Представляет интерес предложенная Гердером концепция «всеобщего мира», делающая упор не на политическом договоре «верхов», как в большинстве аналогичных трактатов XVIII в., а на нравственном воспитании общественности. В отличие от своей ранней критики цивилизации, близкой по духу Руссо, Гердер возвращается в «Идеях…» к историческому оптимизму Просвещения и видит в прогрессирующем развитии человечества нарастание гуманизма, который понимается им как расцвет принципа личности и обретение индивидом душевной гармонии и счастья.
Книга вызвала интенсивную полемику в кругах просветителей. Гёте ее приветствовал, Кант критиковал ее эвдемонизм и отсутствие философской методологии, но отчасти благодаря самой полемике просветительский дискурс о культуре приобрел именно гердеровский «формат». Благодаря «Идеям…», Гердера можно считать, наряду с Вико и Кантом, отцом культурологии как науки. В целом работа сыграла роль манифеста просвещенческого историзма.
Во второй половине 1780-х годов Гердер вовлекается в «спор о пантеизме» и публикует трактат «Бог» (1787), в котором выказывает себя радикальным сторонником спинозизма.

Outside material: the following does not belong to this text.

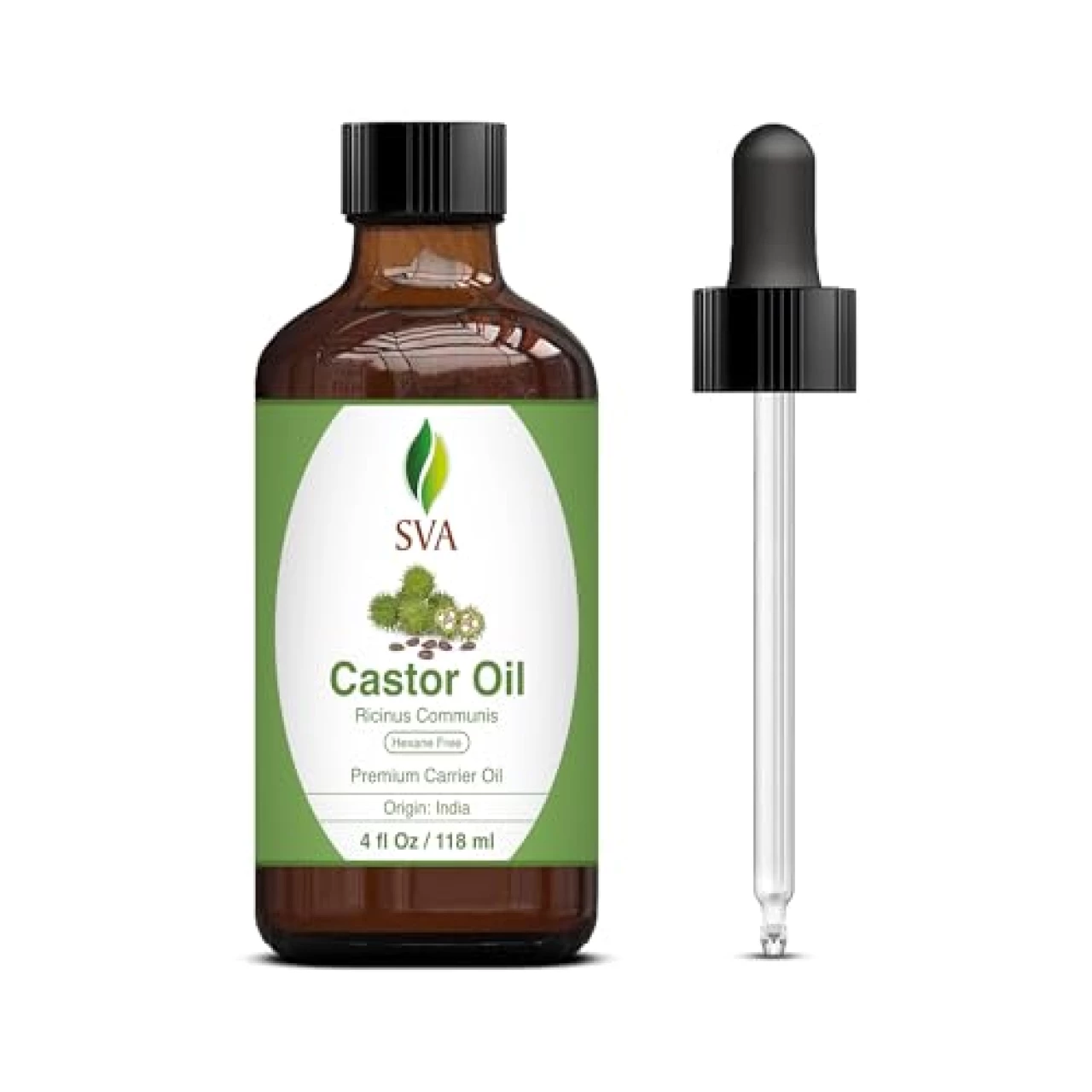 SVA Castor Oil 4 Oz (118 ML) with Dropper, 100% Pure, Therapeutic Grade | Cold Pressed, Hexane Free - Hair Growth, Eyelashes, Eyebrows, Skin &amp; Body Massage.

Поздний Гердер разрабатывает своеобразную культурную антропологию и политическую философию в «Письмах для поощрения гуманности» (1793–1797), где, в частности, выдвигает свою версию учения о «вечном мире», к которому должны привести не договоры властей, а гуманистическое воспитание народа, торговля и здоровый прагматизм. В работах «Метакритика чистого разума» (1799) и «Каллигона» (1800) Гердер вступает в ожесточенную, но довольно поверхностную полемику с Кантом. «Каллигона» содержит одну из первых формулировок позитивистской эстетики.